The required output is the lines below from the line containing "2005 Lexus LS 3rd Gen - Image 6 of 31" to the line containing "PARFOIS EXTENSIBLE MULTIFUNCTIONAL", inclusive, retyped exactly. No other lines belong in it.

— STORED DATA —
—————

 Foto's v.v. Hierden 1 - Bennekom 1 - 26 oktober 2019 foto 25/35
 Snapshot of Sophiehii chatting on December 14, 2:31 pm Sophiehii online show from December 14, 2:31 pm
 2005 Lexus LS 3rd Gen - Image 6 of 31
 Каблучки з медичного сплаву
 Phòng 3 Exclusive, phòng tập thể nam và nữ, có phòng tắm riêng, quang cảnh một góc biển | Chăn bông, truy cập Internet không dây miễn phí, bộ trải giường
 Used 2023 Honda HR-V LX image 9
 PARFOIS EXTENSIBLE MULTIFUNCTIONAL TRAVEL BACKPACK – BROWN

—————

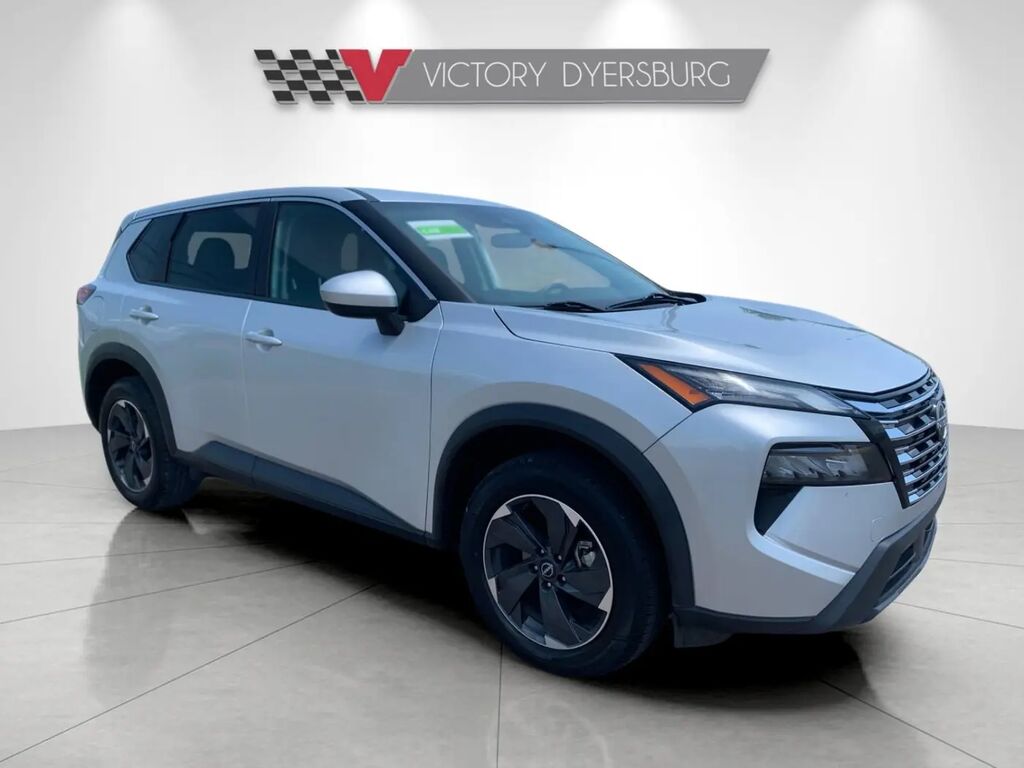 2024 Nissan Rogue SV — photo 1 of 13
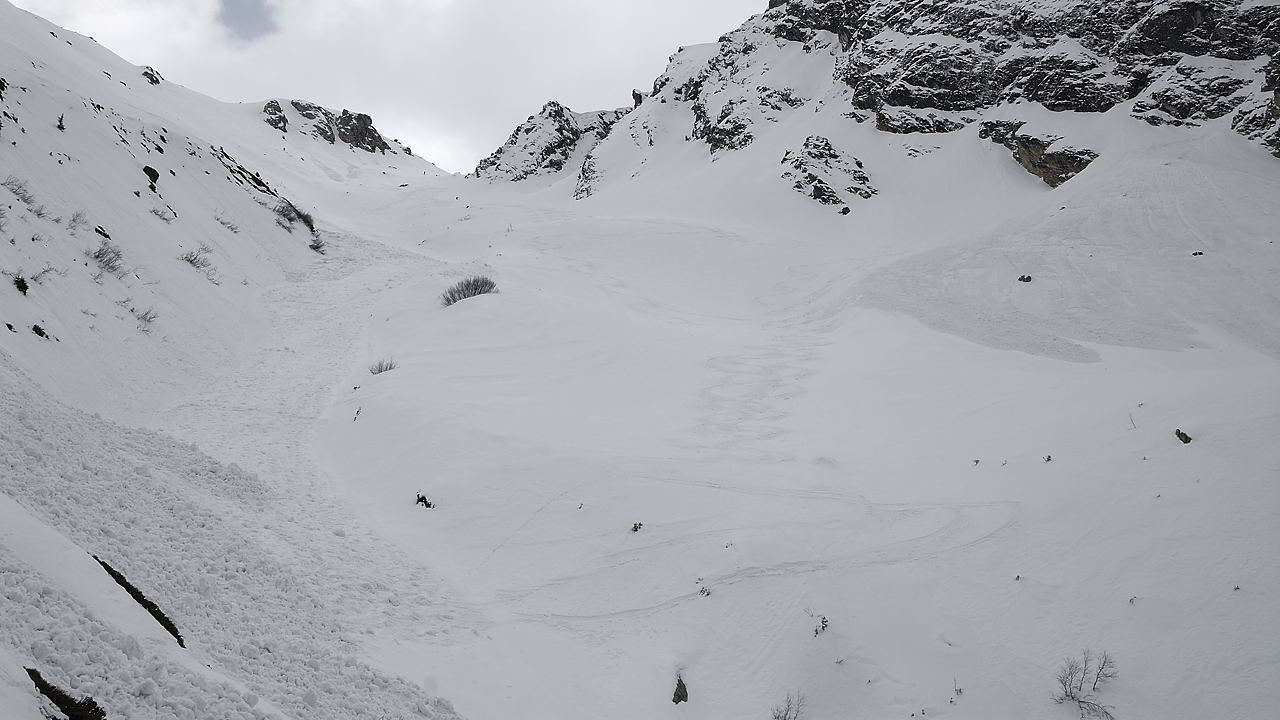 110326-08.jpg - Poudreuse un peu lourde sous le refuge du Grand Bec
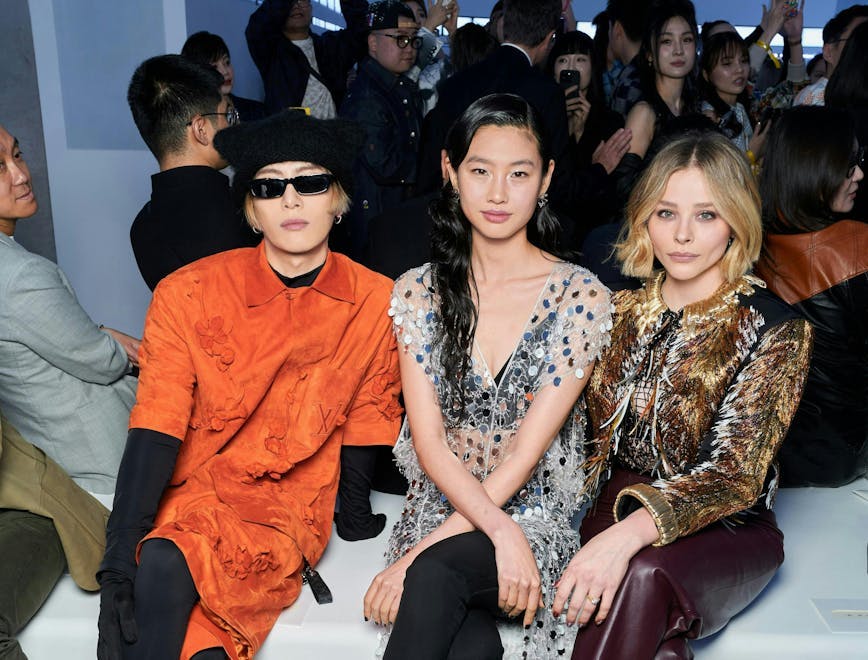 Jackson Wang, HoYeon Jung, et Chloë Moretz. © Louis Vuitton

—————

— WRITTEN RESPONSE —
 2005 Lexus LS 3rd Gen - Image 6 of 31
 Каблучки з медичного сплаву
 Phòng 3 Exclusive, phòng tập thể nam và nữ, có phòng tắm riêng, quang cảnh một góc biển | Chăn bông, truy cập Internet không dây miễn phí, bộ trải giường
 Used 2023 Honda HR-V LX image 9
 PARFOIS EXTENSIBLE MULTIFUNCTIONAL TRAVEL BACKPACK – BROWN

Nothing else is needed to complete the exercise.